No, I've never been that lucky. But I did work at The Hall a few years back, and our TD there had brought his own color box that was named Fort Tucci. There as a cool story behind it, though I forget what it was.


----------



## Esoteric (Jan 16, 2009)

waynehoskins said:


> No, I've never been that lucky. But I did work at The Hall a few years back, and our TD there had brought his own color box that was named Fort Tucci. There as a cool story behind it, though I forget what it was.



Oh man! Tony is a great guy. One of his apprentices was one of my mentors in lighting. I am only one step removed from Tony (and Stan McCandless for that matter). I picked up a ton of stuff from him (including some great gigs). He is such a great guy.

Mike


----------



## willbb123 (Jan 16, 2009)

GreyWyvern said:


> I agree. Any money is good. My suggestion would be to take what you can get. However, don't do the job based on how much you are getting paid. Go for it and do the best job you can. Prove to them that you are good and are worth more than what they are giving you and they might just be able to "come up" with more money for you.
> 
> Good luck.



Yea, I've worked plenty of late nights and not gotten paid for it. But if the show is a success then it is all worth it. Honestly I am still not used to being payed for my gob at the theater, I had volunteered for them for about a year and then they hired me.


----------



## jufam44 (Jan 19, 2009)

My chapter president of IATSE recommended, at least for smaller theaters, a rate not less than $79 per hour worked. That having been said, You're obviously not going to get that unless you're unionized (are you?) Figure on maybe a third of that if being paid hourly. If you're going for a flat fee, figure out how many hours you're going to work, and divide that by the amount of time you're working to get the hourly rate. if it's less than 10, you're being taken advantage of.


----------



## rochem (Jan 19, 2009)

jufam44 said:


> My chapter president of IATSE recommended, at least for smaller theaters, a rate not less than $79 per hour worked.



:shock:

79 bucks per hour?!? Wow. On the last community theatre show I worked, I calculated that I spent a total of 108 hours in the theatre just during a 7-day tech week, not counting breaks for meals and such - meaning the hang, focus, and cueing session, as well as all the other tasks which are bestowed upon a community theatre LD. According to my calculations, that would give me a paycheck of approximately $8,532, and that's before you figure in watching rehearsals, drafting, reading the script, meetings with production team, designing at home, and all that good stuff.

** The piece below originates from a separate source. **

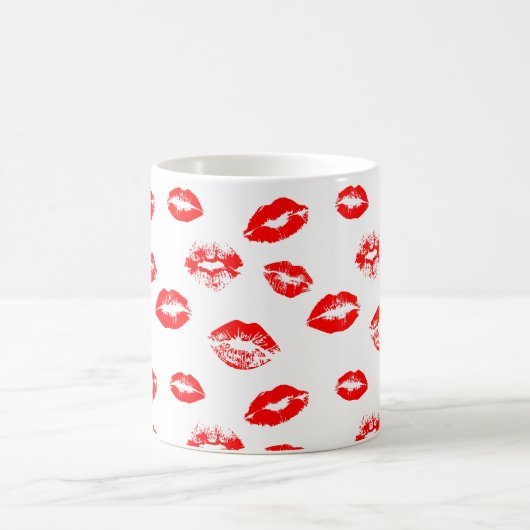 Hete lippen / kussen mok (Center)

And they say jobs in the theatre don't pay well....


----------



## jufam44 (Jan 19, 2009)

rochem said:


> :shock:
> 
> 79 bucks per hour?!? Wow. On the last community theatre show I worked, I calculated that I spent a total of 108 hours in the theatre just during a 7-day tech week, not counting breaks for meals and such - meaning the hang, focus, and cueing session, as well as all the other tasks which are bestowed upon a community theatre LD. According to my calculations, that would give me a paycheck of approximately $8,532, and that's before you figure in watching rehearsals, drafting, reading the script, meetings with production team, designing at home, and all that good stuff.
> 
> And they say jobs in the theatre don't pay well....

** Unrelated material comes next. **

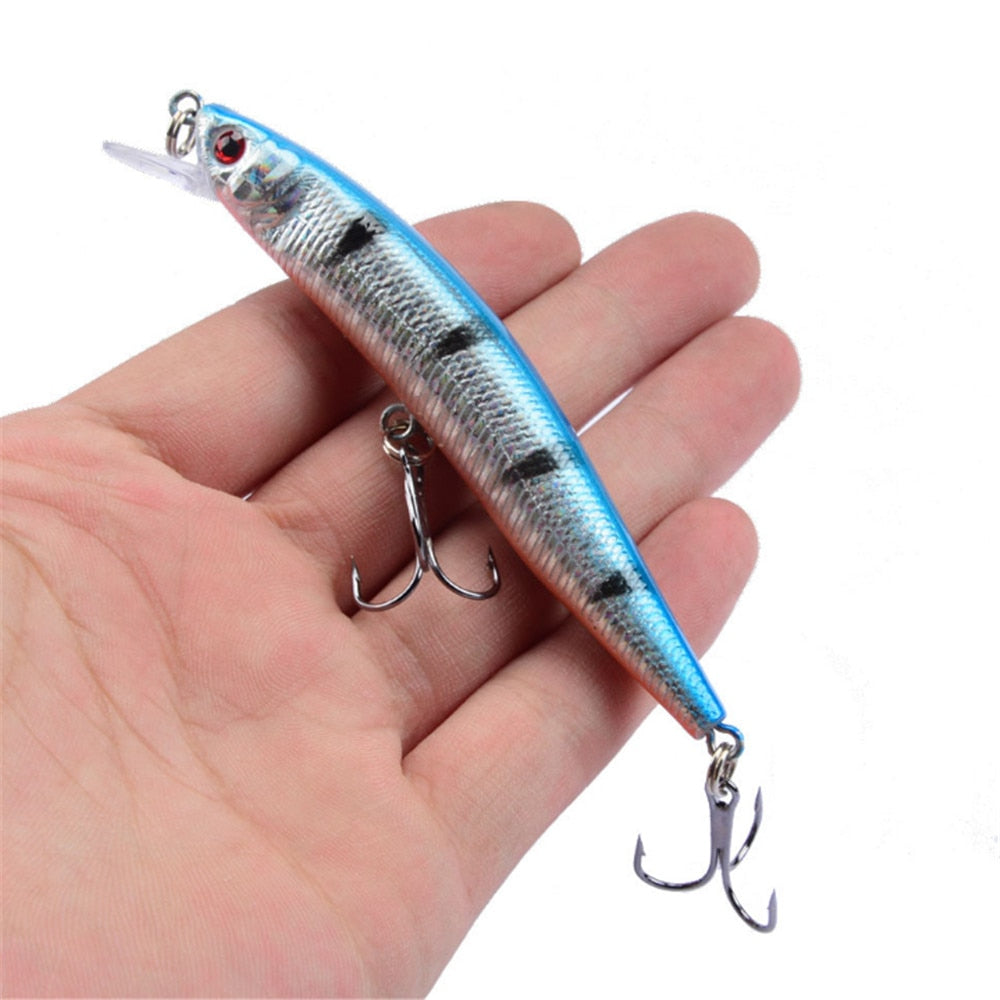 1pcs 8.2g 10cm 10 Colors Hard Bait Minnow Fishing lures Peche Bass Trolling Artificial Hard Bait Crankbait Carp Fishing Tackle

Yeah, but you're unlikely to get anywhere near that unless you're working in a stadium or other sporting arena. Usually I'll get between 35 and 40 hourly. If you work in a place long enough, you'll get close to 6 figures annually as compensation for your work. Theater jobs can pay well...


----------



## Esoteric (Jan 19, 2009)

jufam44 said:


> My chapter president of IATSE recommended, at least for smaller theaters, a rate not less than $79 per hour worked. That having been said, You're obviously not going to get that unless you're unionized (are you?) Figure on maybe a third of that if being paid hourly. If you're going for a flat fee, figure out how many hours you're going to work, and divide that by the amount of time you're working to get the hourly rate. if it's less than 10, you're being taken advantage of.



That all depends, you have to factor in the exposure, the photos, the experience. I did some community theater gigs in college that I know I made less than $5 an hour at, but I still did it because of the experience and the fact that it led to other opportunities.

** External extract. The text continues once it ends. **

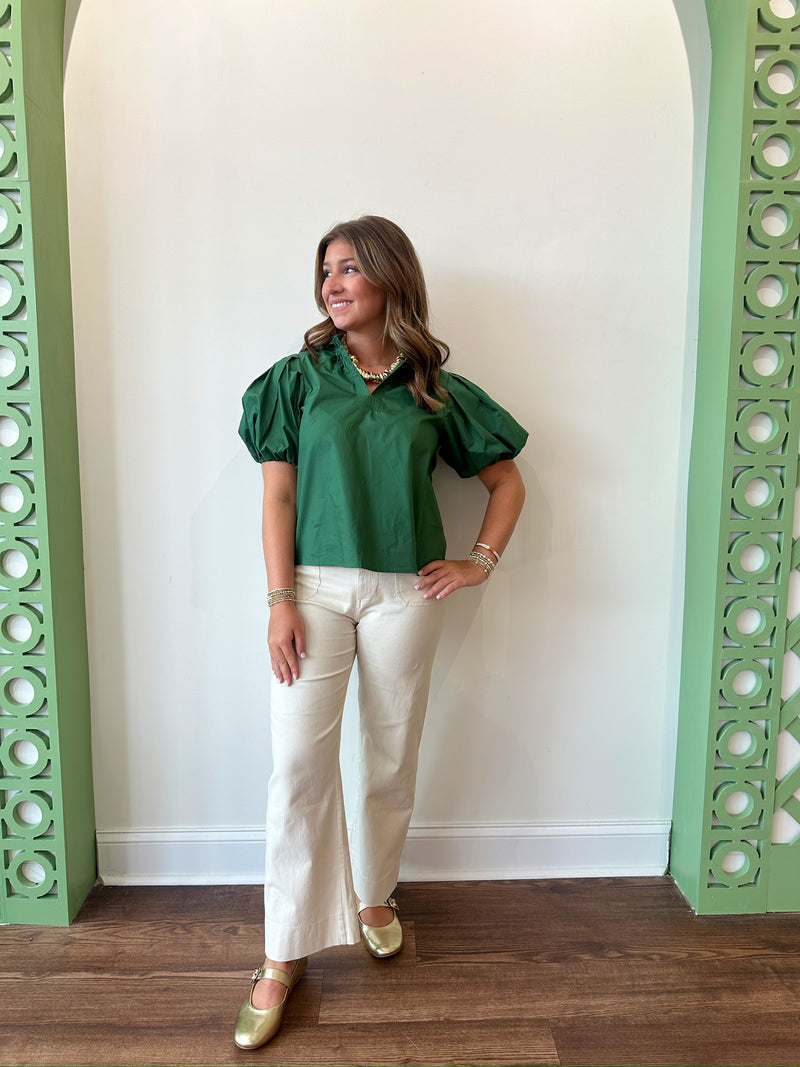 Hayden Green Top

By those standards, anyone who goes to college to become a lighting designer is getting taken advantage of.

I make in the $50/hr range now mostly, but when you are first starting out, $10 an hour would be great!

Mike


----------



## Esoteric (Jan 19, 2009)

rochem said:


> :shock:
> 
> 79 bucks per hour?!? Wow. On the last community theatre show I worked, I calculated that I spent a total of 108 hours in the theatre just during a 7-day tech week, not counting breaks for meals and such - meaning the hang, focus, and cueing session, as well as all the other tasks which are bestowed upon a community theatre LD. According to my calculations, that would give me a paycheck of approximately $8,532, and that's before you figure in watching rehearsals, drafting, reading the script, meetings with production team, designing at home, and all that good stuff.
> 
> And they say jobs in the theatre don't pay well....



Hahahaha! Of course that comes from an IATSE presient. I worked a ton of ME jobs where I did not get $22.78 an hour.

Mike


----------